A: Emoji are “picture characters” originally associated with cellular telephone usage in Japan, but now popular worldwide. The word emoji comes from the Japanese (e ≅ picture) + (moji ≅ written character).

Emoji are often pictographs—images of things such as faces, weather, vehicles and buildings, food and drink, animals and plants—or icons that represent emotions, feelings, or activities. In cellular phone usage, many emoji characters are presented in color (sometimes as a multicolor image), and some are presented in animated form, usually as a repeating sequence of two to four images—for example, a pulsing red heart.

Q: Where can I find out more about emoji in Unicode?

A: See Unicode Emoji, which introduces the Emoji Subcommittee and its processes, and has links to many emoji-related charts. Unicode Technical Report #51, Unicode Emoji (UTR #51) is the technical introduction to Unicode emoji and their implementation. See also Emoji Resources, which has links to emoji developers and many other important resources for emoji.

Q: Are emoji the same thing as emoticons?

A: Not exactly. Emoticons (from “emotion” plus “icon”) are specifically intended to depict facial expression or body posture as a way of conveying emotion or attitude in e-mail and text messages. They originated as ASCII character combinations such as :-) to indicate a smile—and by extension, a joke—and :-( to indicate a frown. In East Asia, a number of more elaborate sequences have been developed, such as (")(-_-)(") showing an upset face with hands raised. Over time, many systems began replacing such sequences with images, and also began providing ways to input emoticon images directly, such as a menu or palette. The emoji sets used by Japanese cell phone carriers contain a large number of characters for emoticon images, along with many other non-emoticon emoji.

Q: What are the most popular emoji characters?

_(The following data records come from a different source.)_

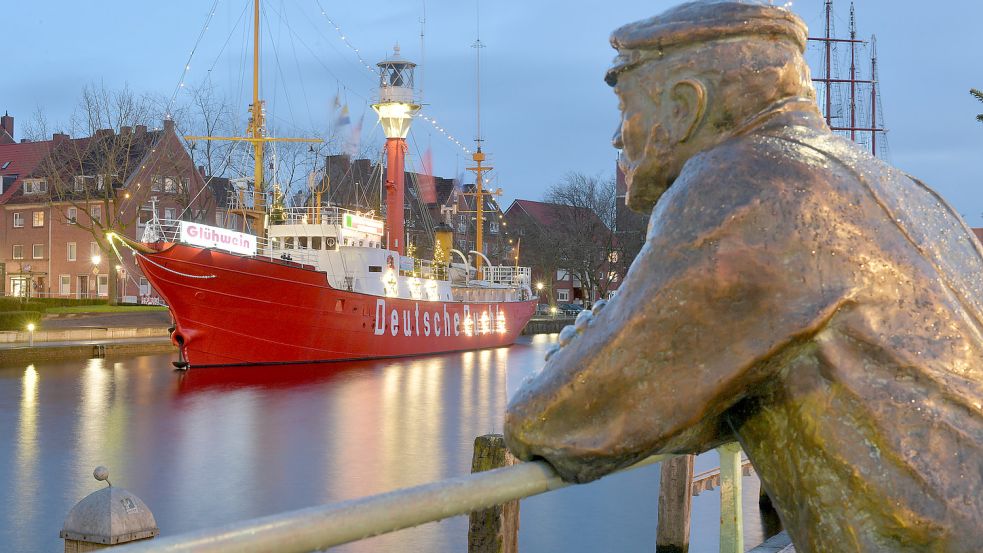 Das Emder Feuerschiff wird im Juni Schauplatz eines rätselhaften Sabotageaktes. Offenbar soll es zum Kentern gebracht werden. Foto: Ortgies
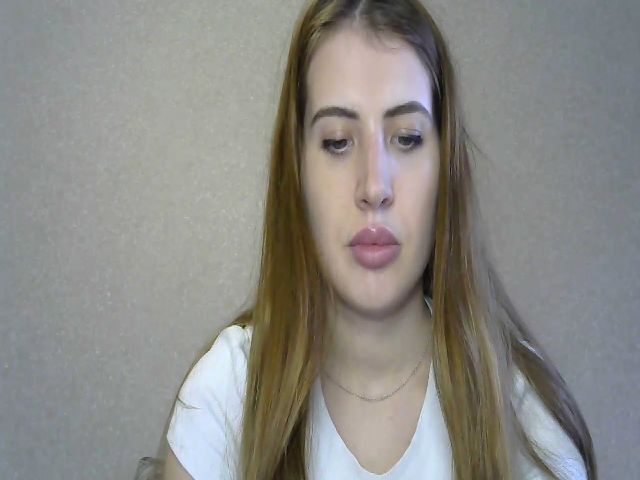Live sex webcam photo for MarryCox #271385522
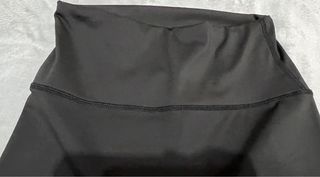 Conjunto deportivo blanco y negro sin estrenar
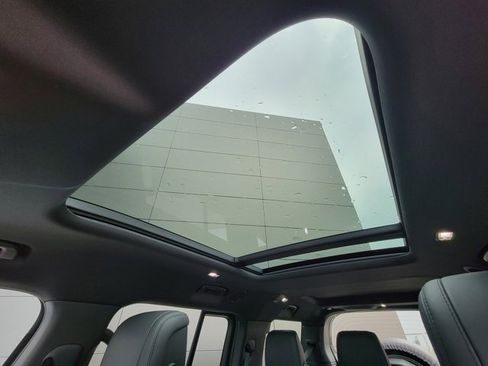 Used 2024 Land Rover Defender 130 X image 40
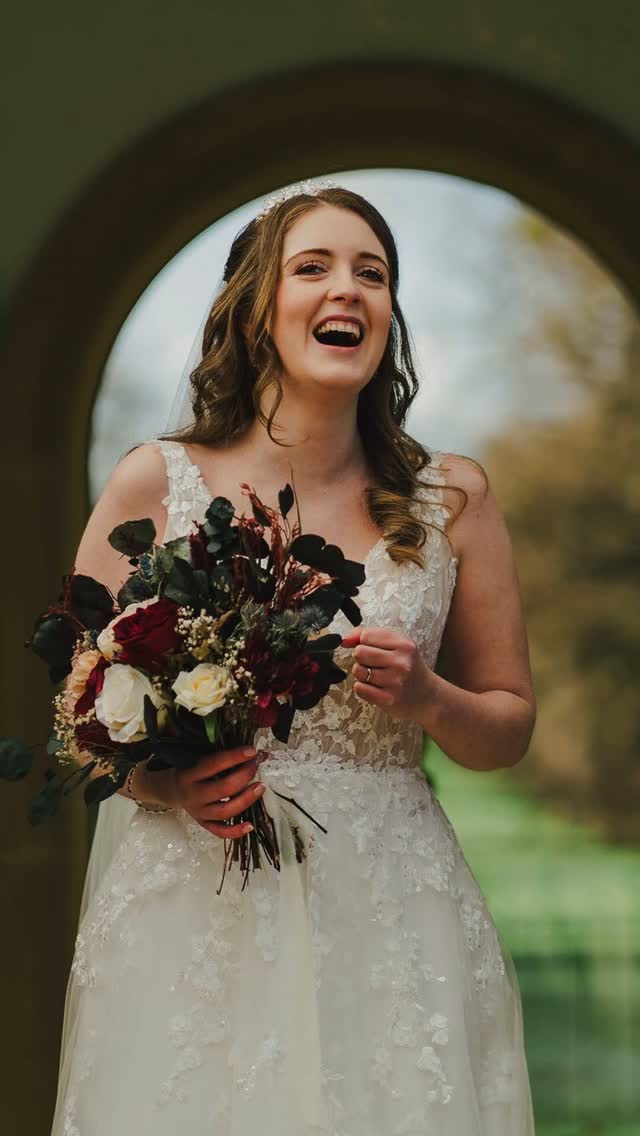 A beautiful wedding from last year. I created this bouquet using dried flowers and realistic silk roses.
#driedweddingflowers#driedflowerbouquet#driedflowerwedding#everlastingweddingflowers#preservedweddingflowers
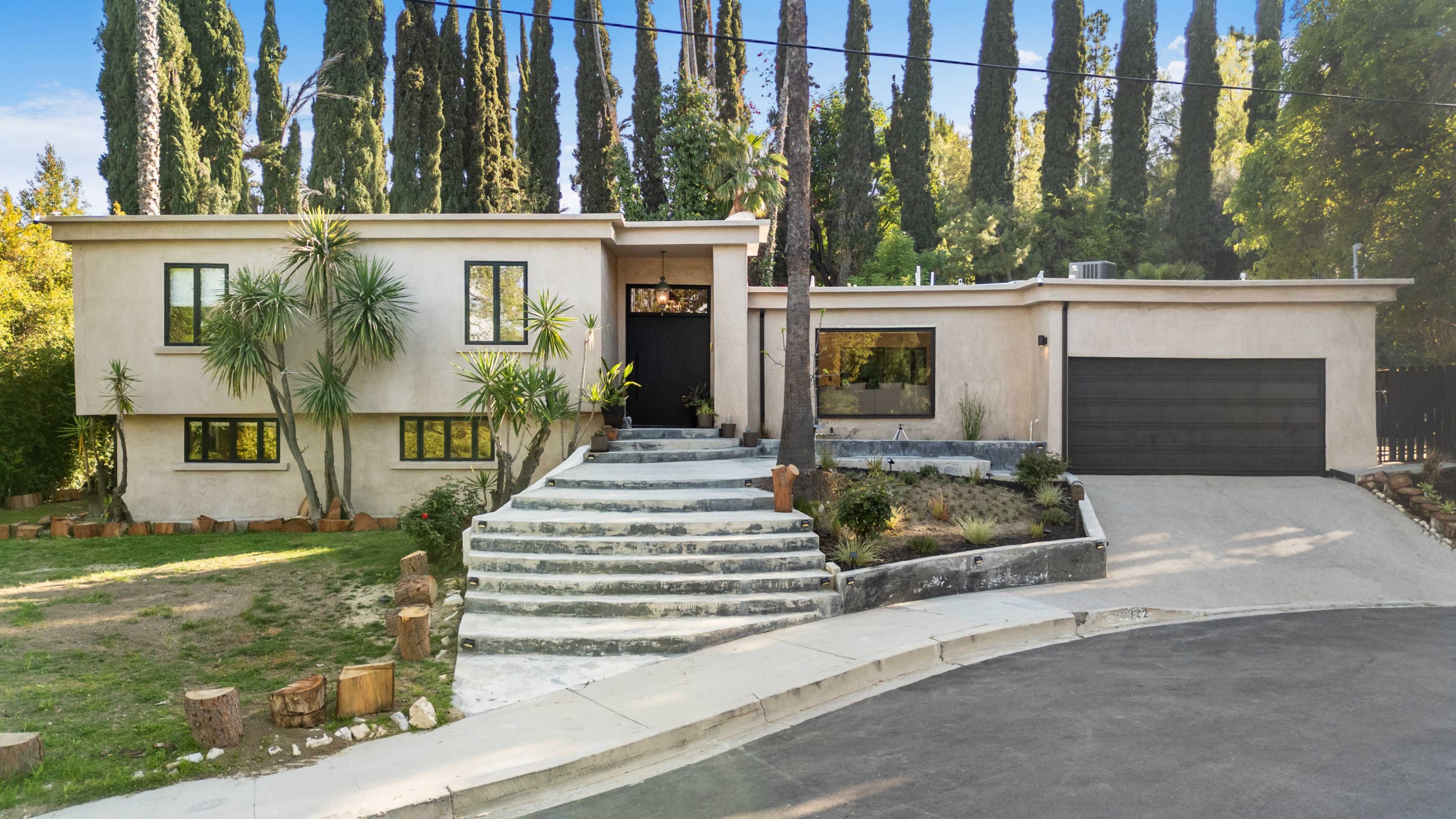 DEL CAMP VILLA LUXE RESORT VIBES IN HILLS Image in Woodland Hills, Los Angeles, CA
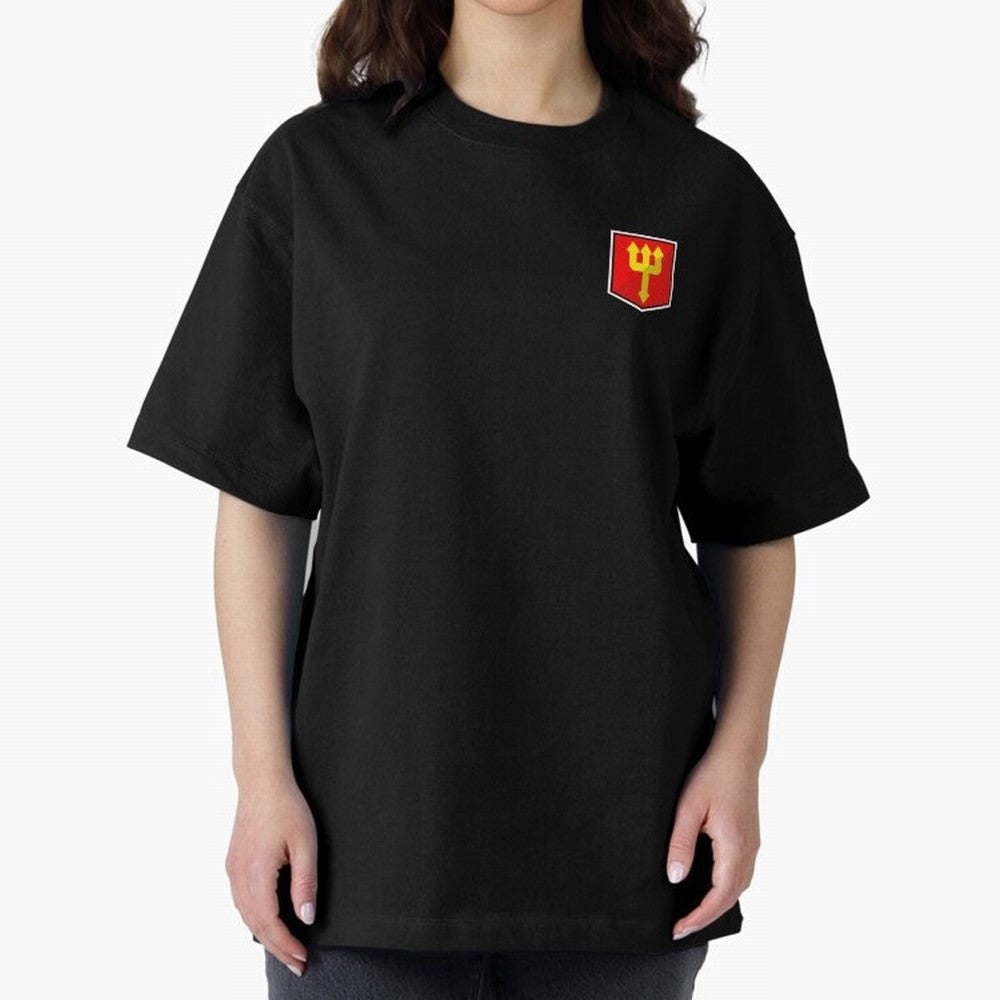Simple Badge Design Manchester United - The Red Devils Trident Oversized T-Shirt Fuel FIFA World Cup 2026 for Fans of Cristiano Ronaldo, Haaland and CR7 and Argentina and Brazil, Bringing Stadium Chants, National Pride, Trophy Dreams and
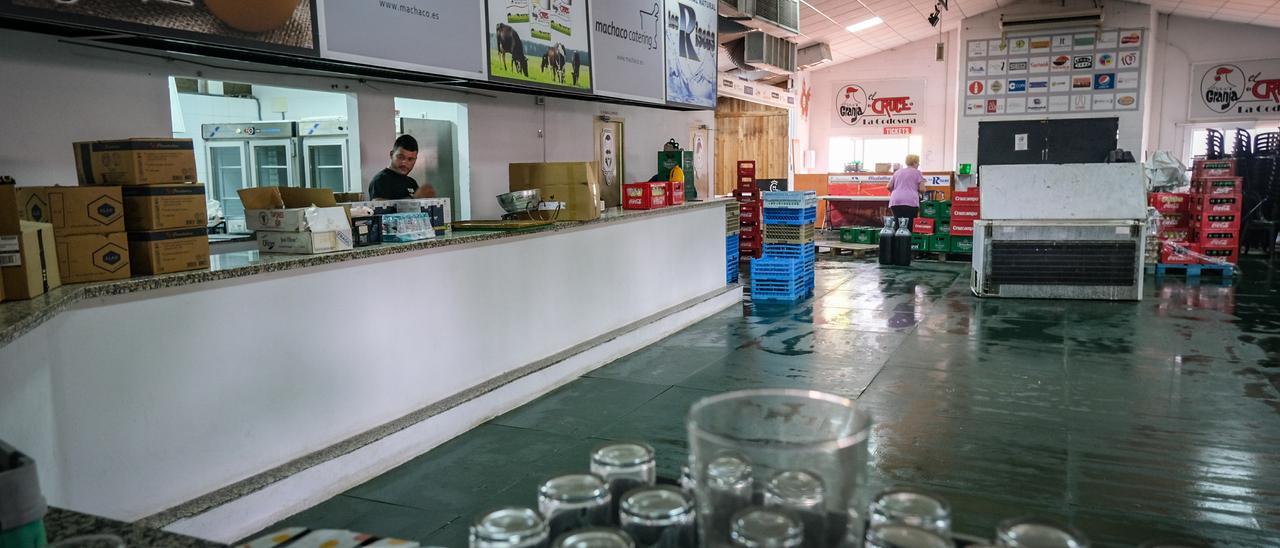 Interior de una de las casetas del ferial, ayer, con los últimos preparativos.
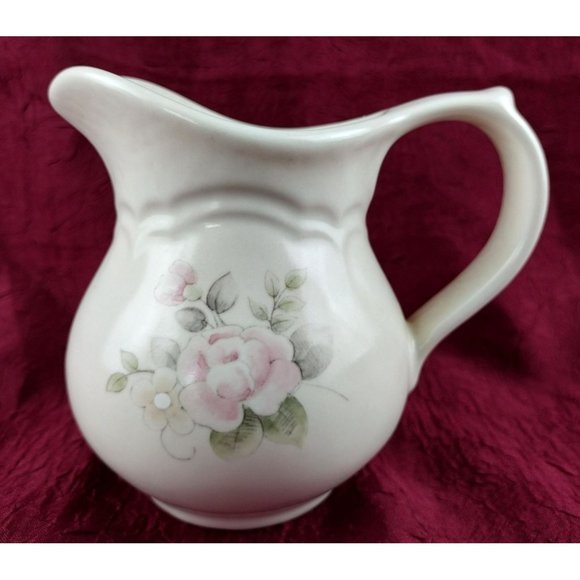 Tea Rose Pattern Ceramic Pfaltzgraff Creamer Pitcher with Handle Pink Roses - Picture 1 of 12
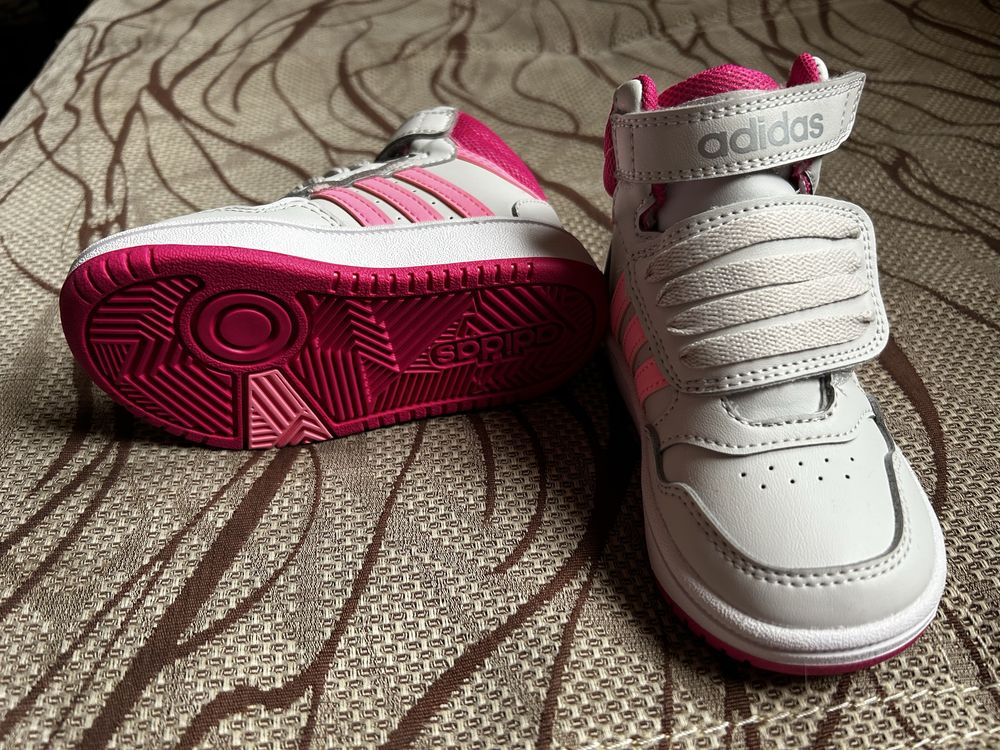 Детски Обувки Adidas/ 22 номер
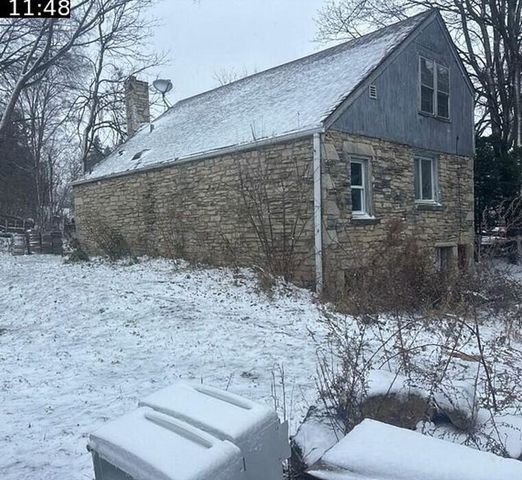 W220N7095 Town Line ROAD, Lisbon, WI 53089
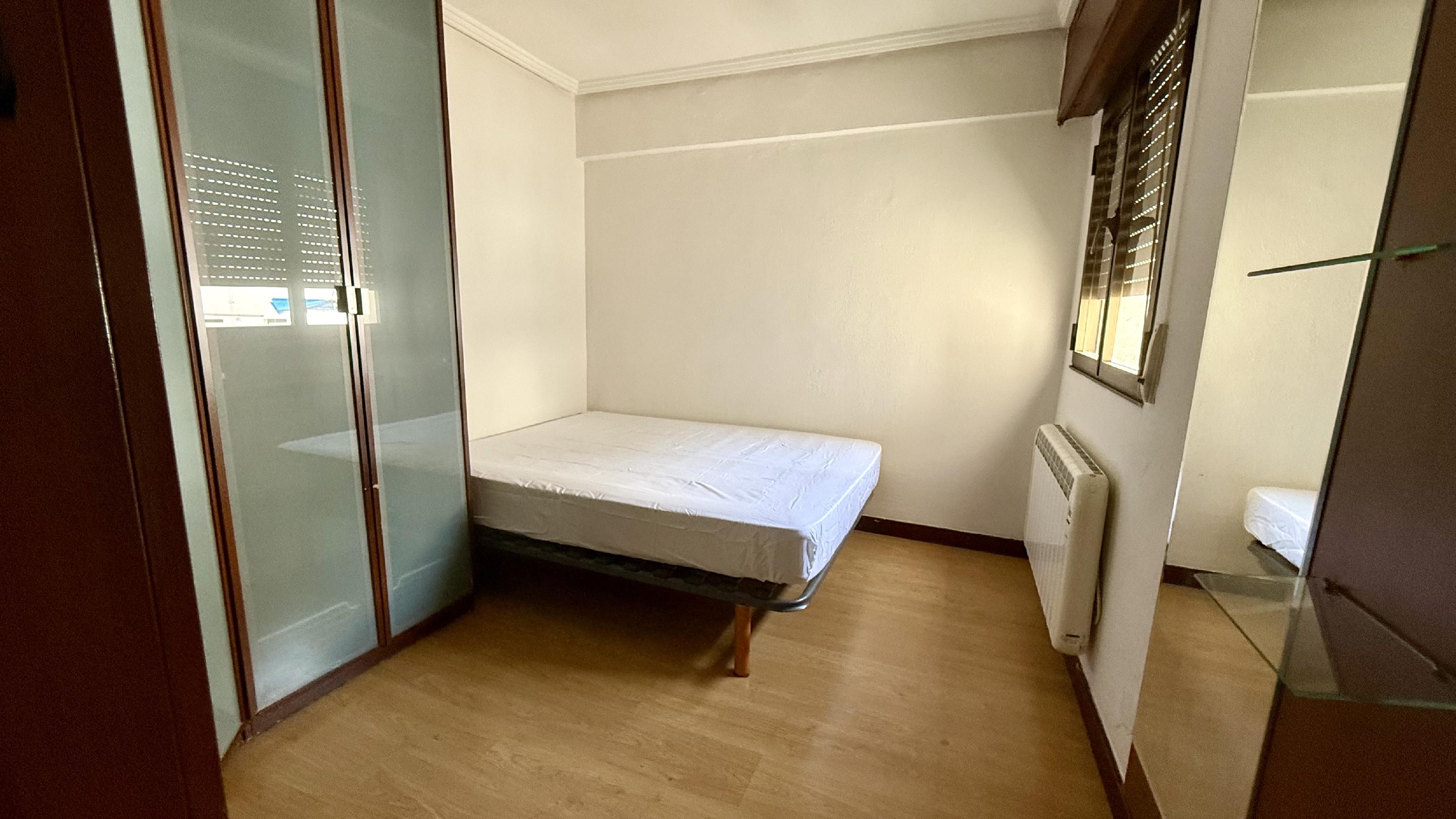 Imagen 8 Piso en venta en Barakaldo / Calle Autonomia. Frente Colegio.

A. The emojitracker.com site tracks the realtime use of many emoji in Twitter, so you can see the most and least used emoji characters there. The Instagram and Swiftkey reports on Emoji Press are also interesting.

Q: Can you point me to some examples of emoji characters in Unicode?

A: The emoji are spread throughout many blocks of Unicode. See Unicode Emoji Charts for a listing of the emoji characters.

Q: Do emoji characters have to look the same wherever they are used?

A: No, they don’t have to look the same. For example, here are just some of the possible images for U+1F36D LOLLIPOP, U+1F36E CUSTARD, U+1F36F HONEY POT, and U+1F370 SHORTCAKE:

emoji example

In other words, any pictorial representation of a lollipop, custard, honey pot or shortcake respectively, whether a line drawing, gray scale, or colored image (possibly animated) is considered an acceptable rendition for the given emoji. However, a design that is too different from other vendors’ representations may cause interoperability problems: see Design Guidelines in UTR #51.

Q: What about diversity?

A: As with the examples of emoji characters representing food items above, The Unicode Standard does not require a particular appearance for characters that depict people or body parts, such as U+1F474 OLDER MAN or U+270B RAISED HAND. In fact, UTR #51 recommends that such depictions be as neutral or generic as possible with respect to physical appearance, for example using non-realistic colors for skin tone. Similarly, characters whose name does not require a particular gender, such as U+1F477 CONSTRUCTION WORKER, should be depicted in a gender-neutral way.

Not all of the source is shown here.